After the mortar set up for two days, I decided to test out the cooking possibilities with an egg for dinner. It wasn't very elaborate, and I had to bring the toast from the kitchen. But our own homegrown egg cooked up beautifully with some greenery snipped right from the garden. Hardly any ash on my inaugural rocket stove meal!
I'm absolutely thrilled with my birthday present, especially because we built it ourselves at almost no expense. As soon as it was constructed, I started looking at the ground around it, and wondering which perennial culinary herbs it would be best to plant nearby. I'll divide my chives next spring and plant them within easy reach, and I think I'll put some lemon thyme in not too far away. I had asked that the rocket stove be situated just near the covered area next to our shed. So we have a convenient place to accumulate a pile of twigs and keep them dry. With some work we could pretty up this area and make it a nice place to hang out and contemplate the garden. More tasks for the list!

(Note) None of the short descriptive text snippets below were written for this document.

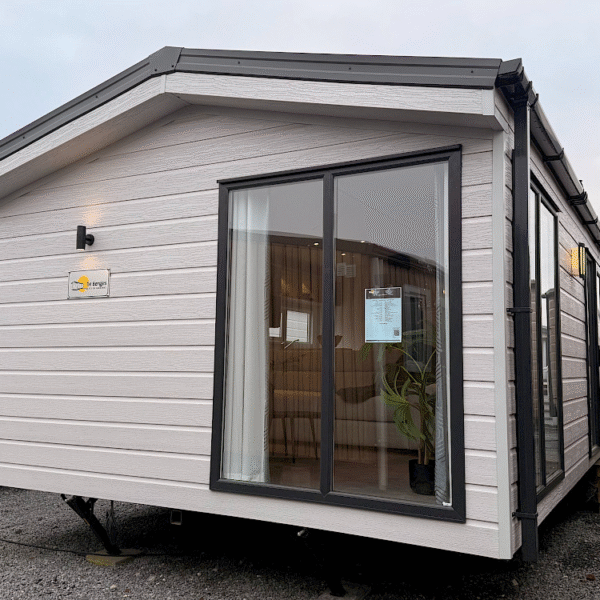 CASA MÓVIL ATLANTIS (11 X 4 M)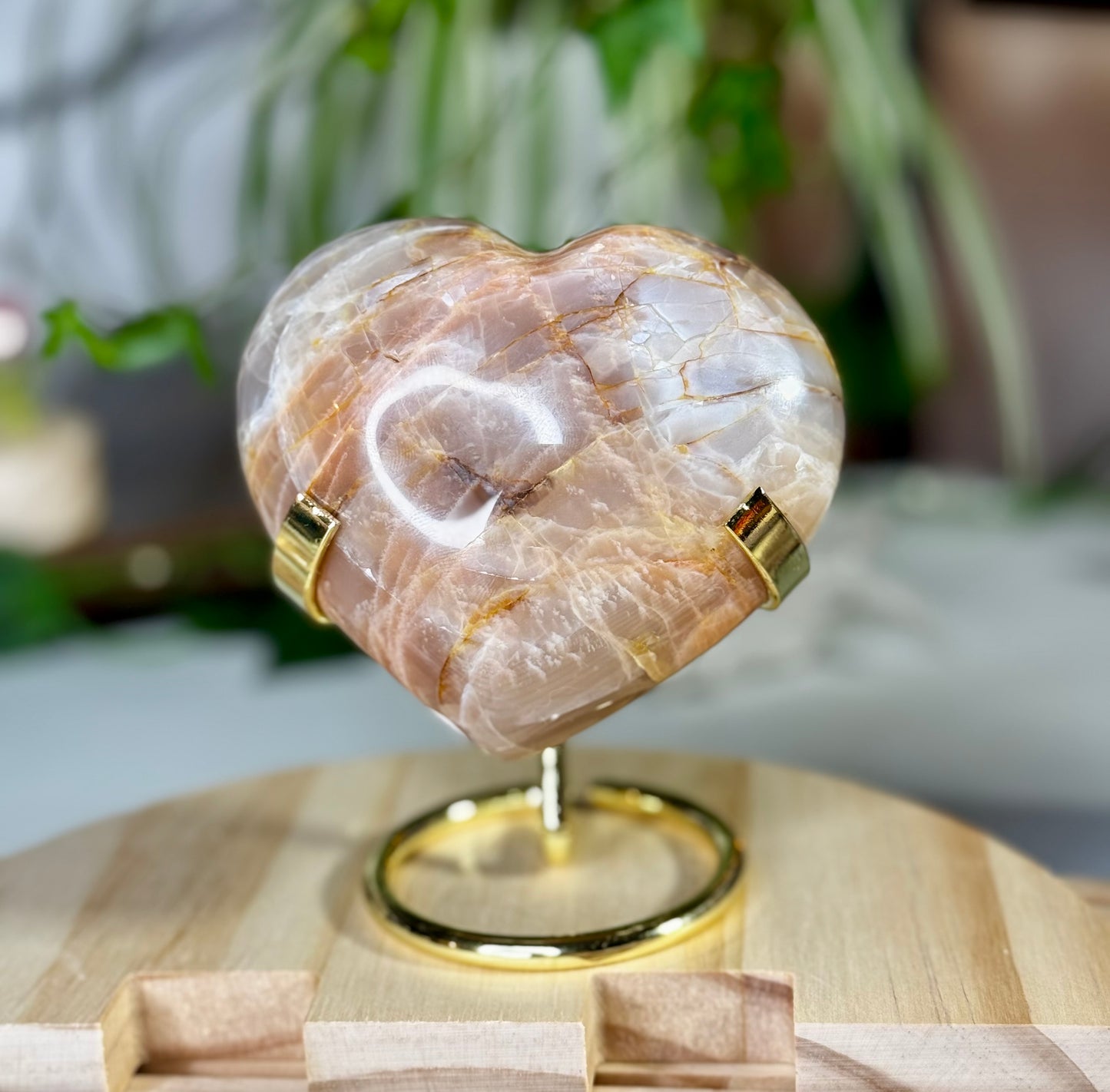 Flashy Peach Moonstone Heart with stand  | 384g
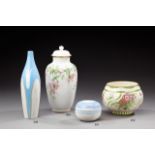 * BING & GRONDAHL Vase en porcelaine émaillée bleue et blanche à décor de motifs floraux stylisés.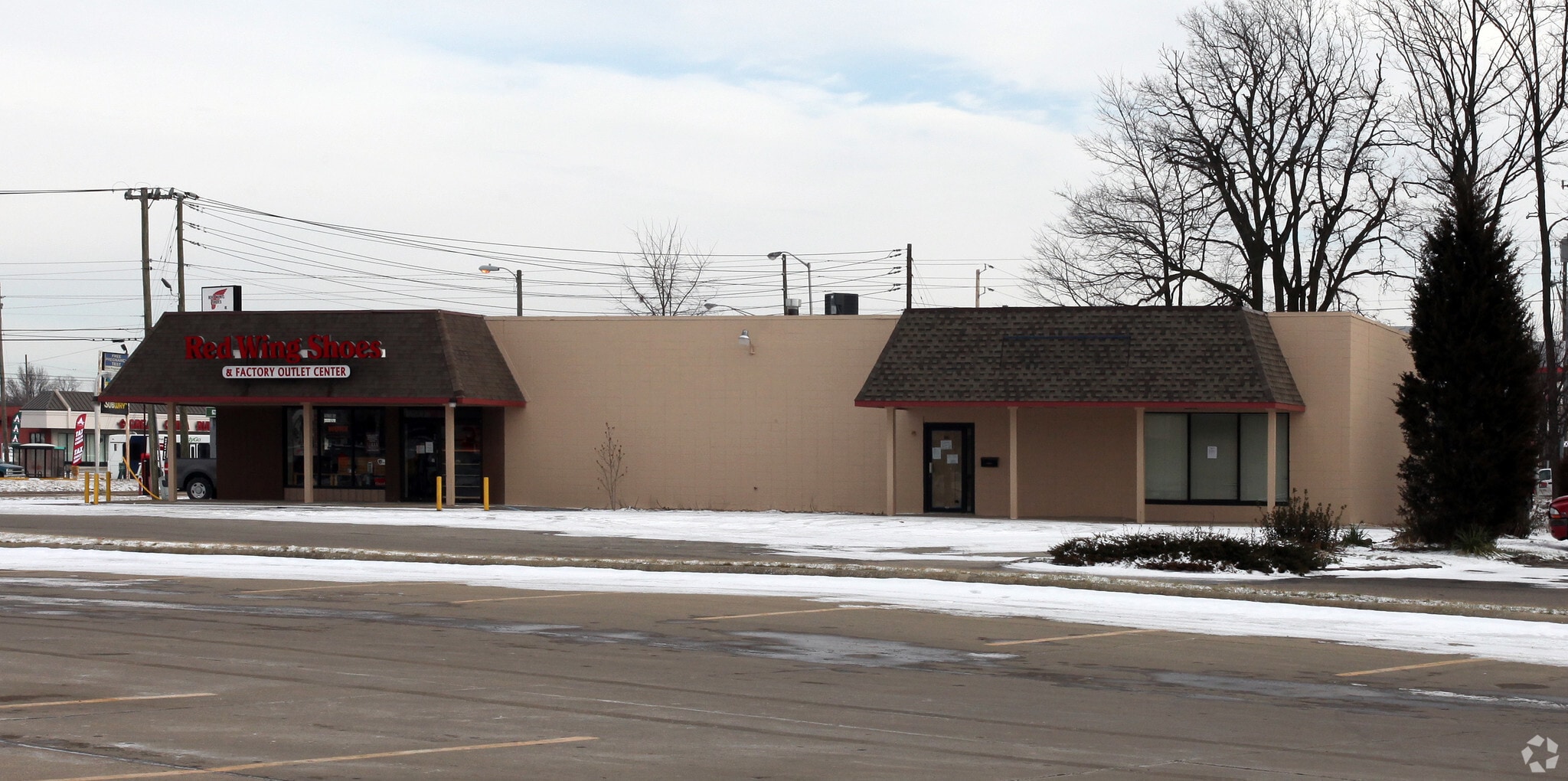 935 E Hanna Ave, Indianapolis, IN for Rent
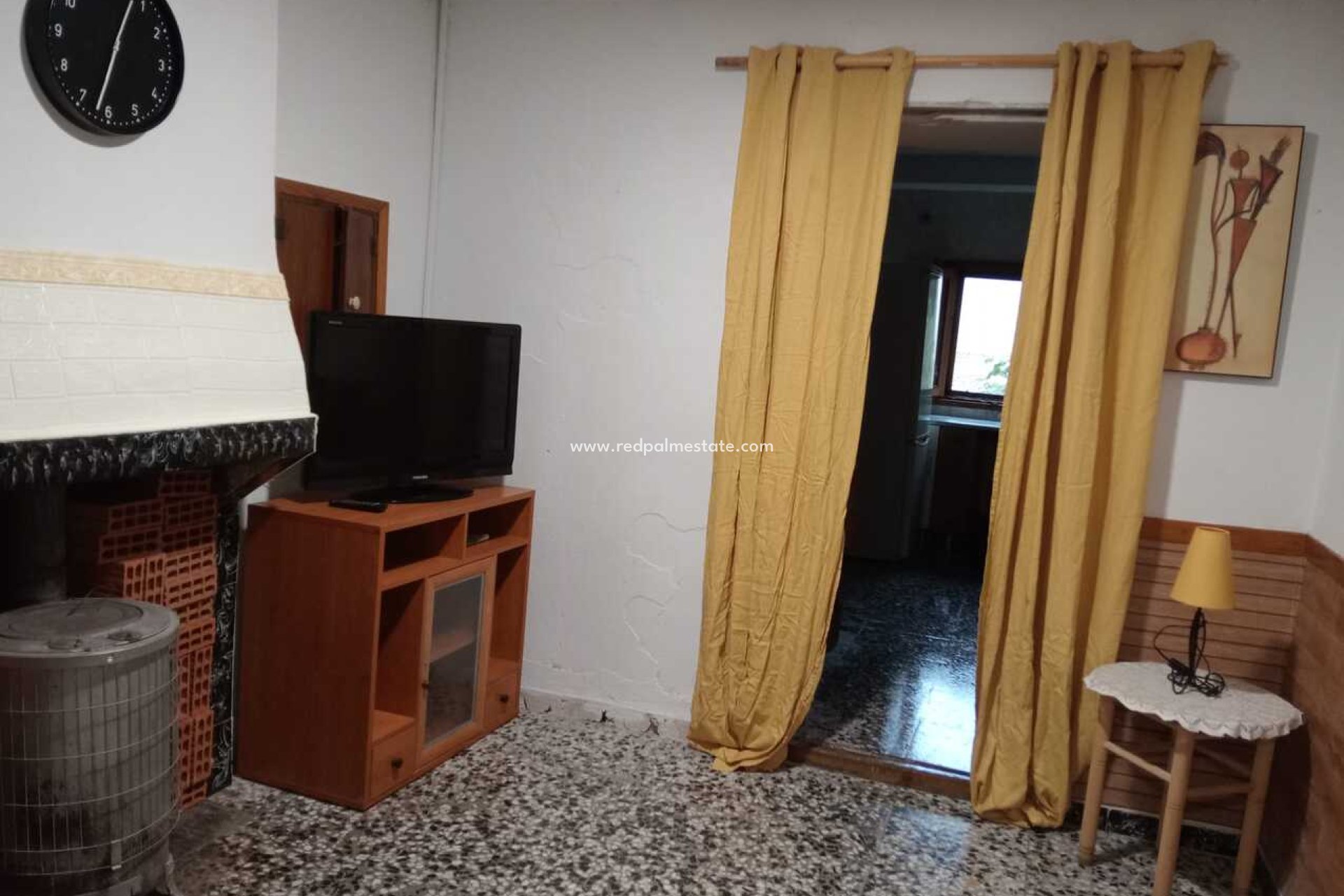 Resale - Town House -
Castell de Castells - Inland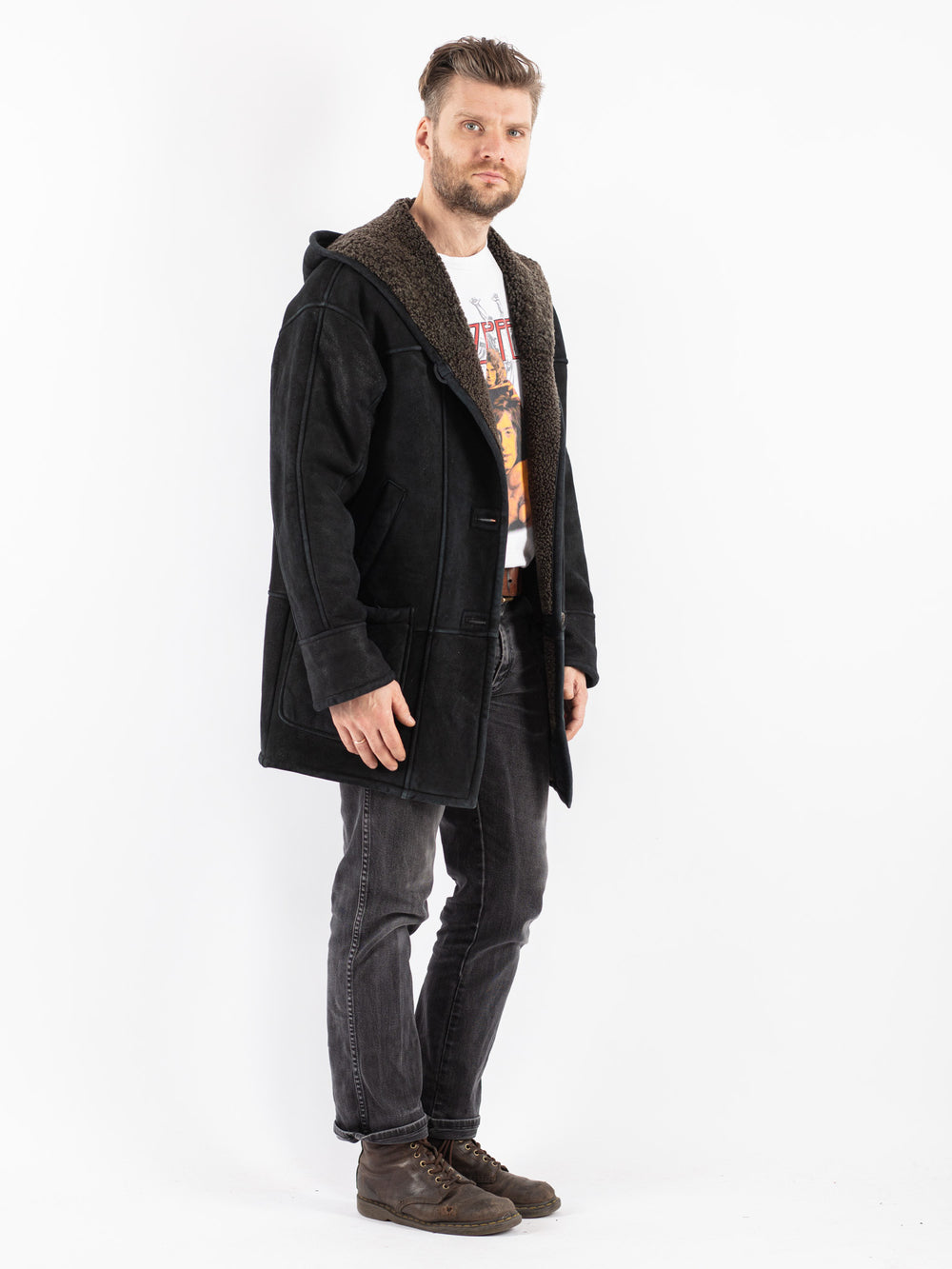 Vintage 90's Men Sheepskin Coat in Black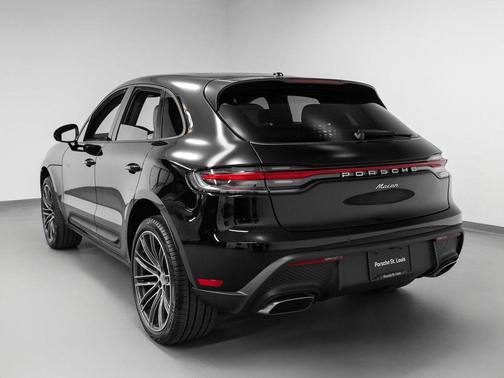 2025 Porsche Macan 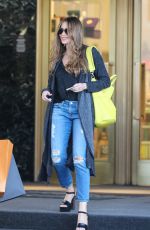 SOFIA VERGARA Shopping at Saks Fifth Avenue in Beverly Herly 02/27/2020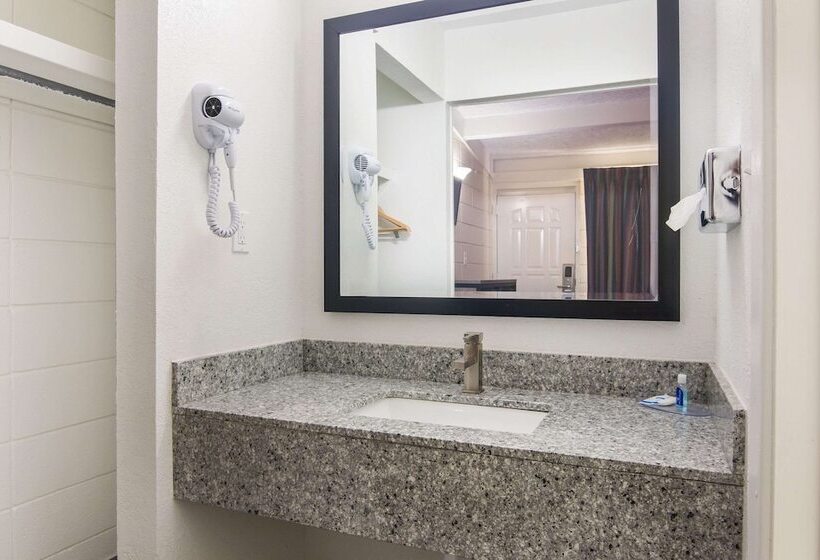 Мотель Rodeway Inn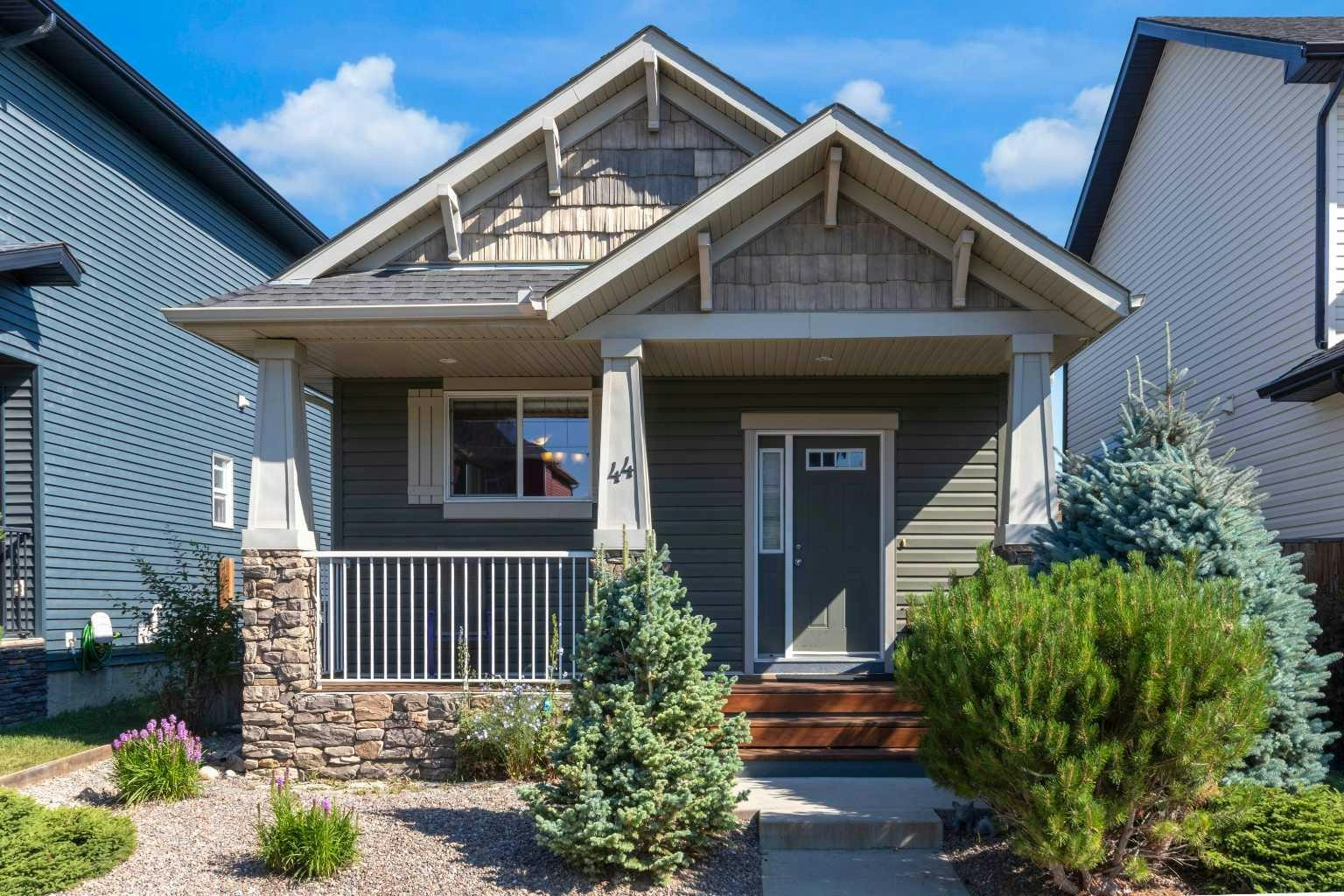 44 Ravenslea Crescent SE, Airdrie, AB, T4A 0H3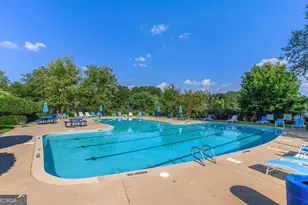 1327 Hollenbeck Ln, Riverdale, GA 30296 - Photo 13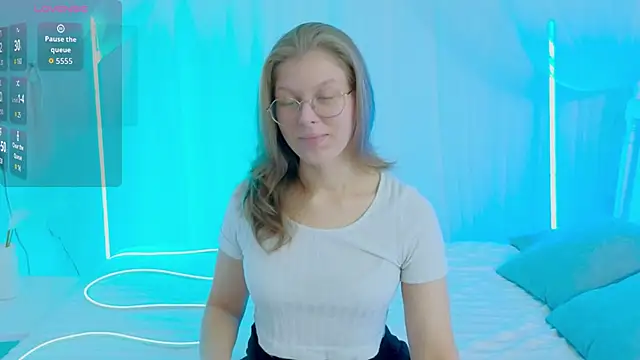 Angelie  Eyes online show from October 18, 2025, 2:07 pm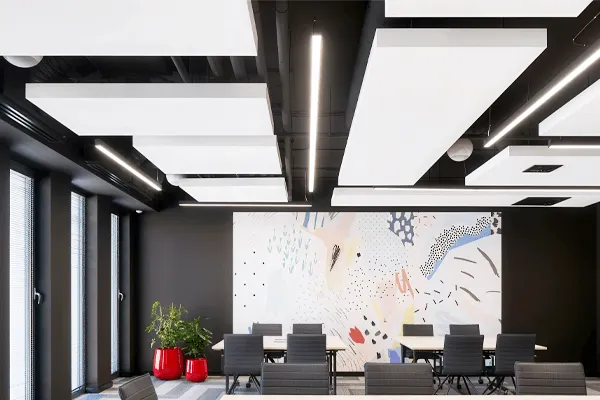 Компания «Авангард» стала официальным дилером подвесных потолков Рокфон в России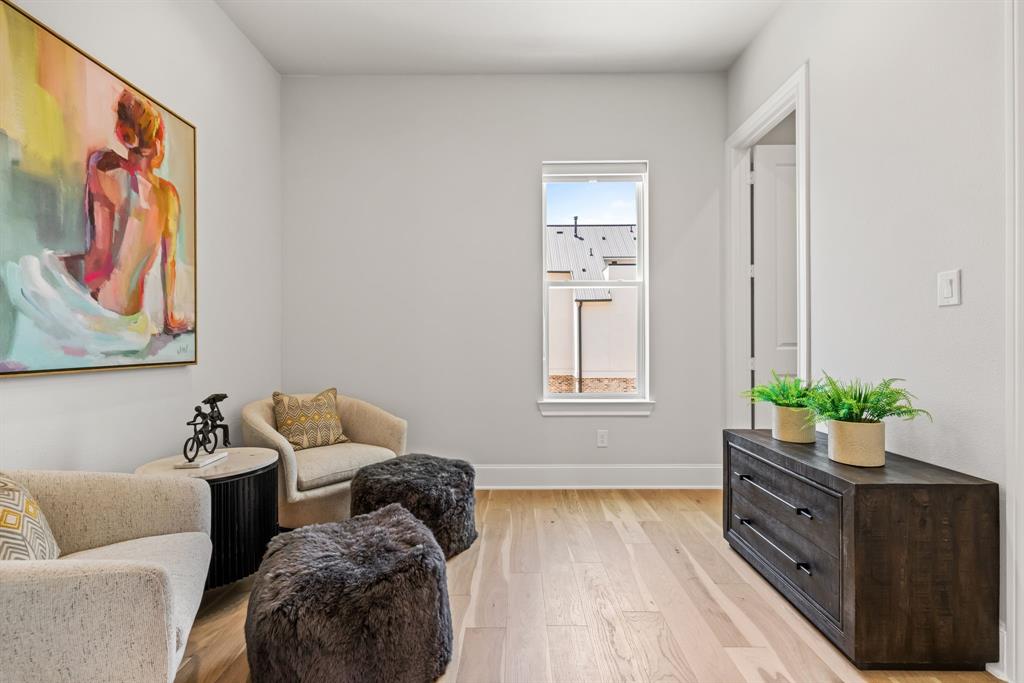 InTown at Las Colinas Station - Residential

The rocket stove is so hot that I don't envision using it for grilling, even though it's topped by a grill, but perhaps we'll eventually get the hang of producing a low flame. It will easily boil a pot of water, and I'm sure we will learn the ins and outs of cooking over heat so intense. I see the rocket stove as a way of efficiently using the huge quantity of deadwood that drops from our six remaining full sized deciduous trees each year. It will be an emergency backup for cooking in any weather. If we lost power for a long while during really cold weather, we could at least heat water to keep ourselves warm with tea, soup, and hot water bottles.
So...I'm in the market for one-skillet recipes!